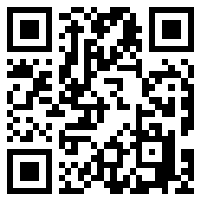 QR Code for Xbt1w631BcKaPAPkpDg2AvHdToHBidkC1u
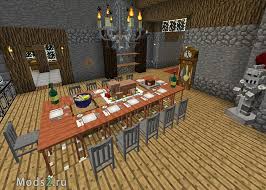 скачать мод на мебель для майнкрафт 1 12 2 Mod Na Mebel Dekor I Igrushki Dekokraft Decocraft 2 1 12 2 1 11 2 1 10 2 1 8 9 1 7 10 Skachat Mody Dlya Majnkraft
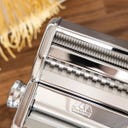 Macchina per Pasta Atlasmotor+ con Pastadrive - 1 pz.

What is expected
Return exactly the lines from the line with "скачать мод на" through the last line of the data above, both included; pictures do not go in the answer.

Solution for this task
 скачать мод на мебель для майнкрафт 1 12 2 Mod Na Mebel Dekor I Igrushki Dekokraft Decocraft 2 1 12 2 1 11 2 1 10 2 1 8 9 1 7 10 Skachat Mody Dlya Majnkraft
 Macchina per Pasta Atlasmotor+ con Pastadrive - 1 pz.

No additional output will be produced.